Do you think re-release material should count with the original when looking at records against other albums? (Obvious case being Teenage Dream & Bad #1's record, top 10 records, etc).
I'm asking because I'm working on an #analysis, and well, the question pertains to it
No. Look at Rhythm Nation, for instance. When Love Will Never Do (Without You) hit #1 in 1991, that was a big deal because no album before or since produced #1s in three separate calendar years. The song was also the seventh single. It's impressive and noteworthy when a song that has been available for two years on a multi-million selling album is able to do that well.
A totally new song that was not previously available is naturally going to attract attention and garner sales even from fans who already owned the original album. If you ARE aiming for one of those lofty records like "most top ten hits from one album", that's cheating your way to it.
No. But if it was a bonus track which was released on the same day as the standard album, it should. Just like Taylor's "Ours" on Speak Now and "New Romantics" on 1989.
Definitely not. The first single from an album's re-release might as well be a new lead single to the GP. For example, it's way more impressive when a fifth single off an album does well than when the first single off a re-release (even though it might be the fifth single of the era) does well.
No. Look at Rhythm Nation, for instance.
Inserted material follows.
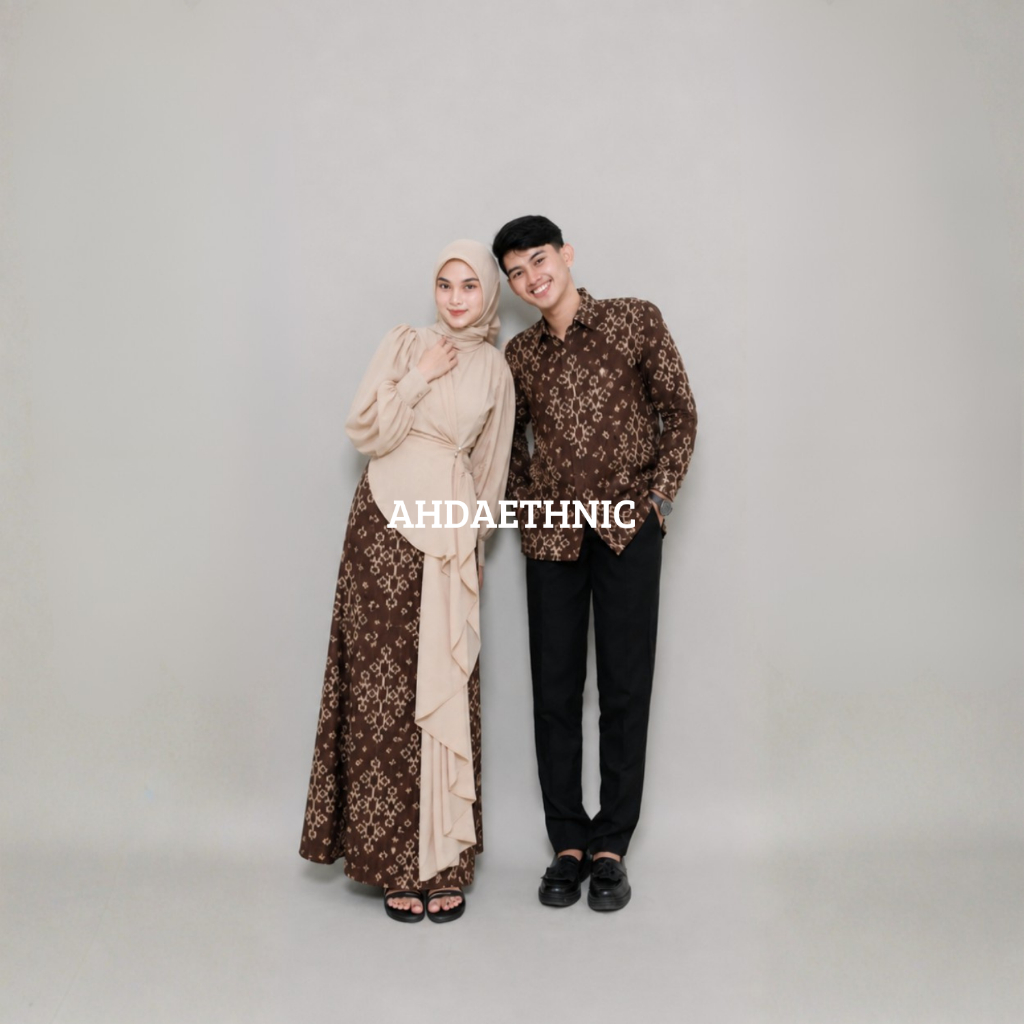 COUPLE TENUN DRESS DAN KEMEJA GREY BROWN SET BAJU COUPLE SERI ELIRA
When Love Will Never Do (Without You) hit #1 in 1991, that was a big deal because no album before or since produced #1s in three separate calendar years. The song was also the seventh single. It's impressive and noteworthy when a song that has been available for two years on a multi-million selling album is able to do that well.
A totally new song that was not previously available is naturally going to attract attention and garner sales even from fans who already owned the original album. If you ARE aiming for one of those lofty records like "most top ten hits from one album", that's cheating your way to it.
Quote:
Originally posted by ThugginGrande
Definitely not. The first single from an album's re-release might as well be a new lead single to the GP. For example, it's way more impressive when a fifth single off an album does well than when the first single off a re-release (even though it might be the fifth single of the era) does well.
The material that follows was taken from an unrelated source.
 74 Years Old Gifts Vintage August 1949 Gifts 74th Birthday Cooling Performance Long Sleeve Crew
I agree with these. Ultimately to me, I think it's unfair to compare an album released once to an album where a singer went into the studio, purposely recorded more hits, and tacked it on top of their album for more success.
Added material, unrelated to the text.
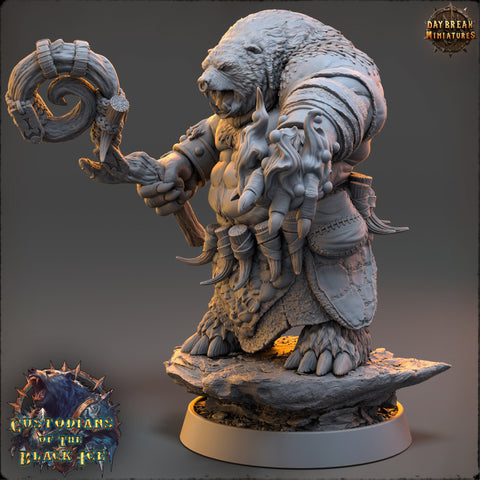 Druid BearFolk Werebear Humanoid Scales: 28mm, 32mm,54mm,75mm,100mm | D&D 5e | Dungeons and Dragons | Pathfinder | Daybreak Miniatures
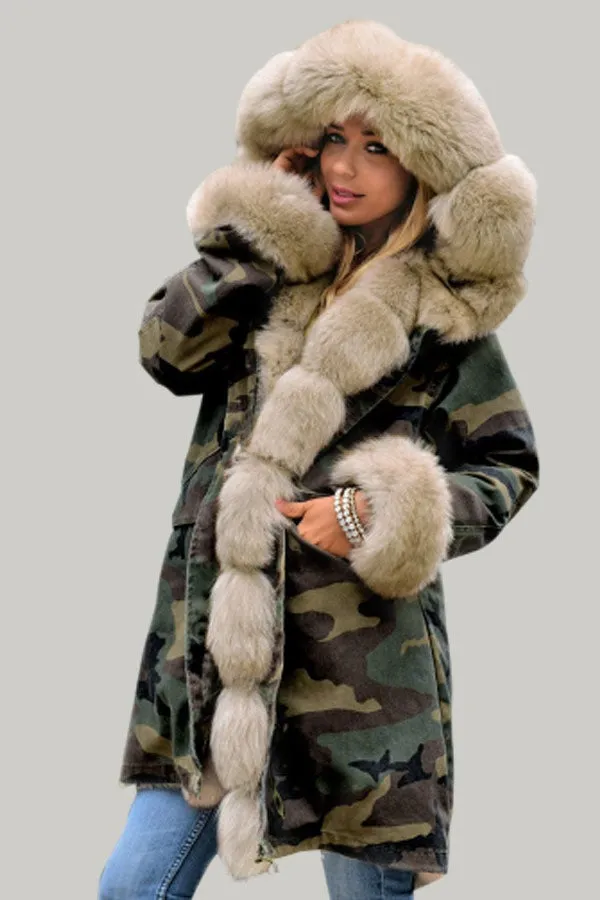 Fashion Winter Warm Fur Collar Hooded Coat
If you tuck on an entire new EP (like The Fame Monster), no.
If you only add a few new songs (GGGB, TD) and that's enough for people to buy the entire album again, then that sale deserves to go towards the original album.
Maybe there should be percentage and retitling rules.
For album sales you can't really split it since they're counted as one release once the re-release debuts, but for singles it's a bit to combine new material charting as an achievement for an album that it wasn't originally on. Best way is to just describe it as an era's stats instead.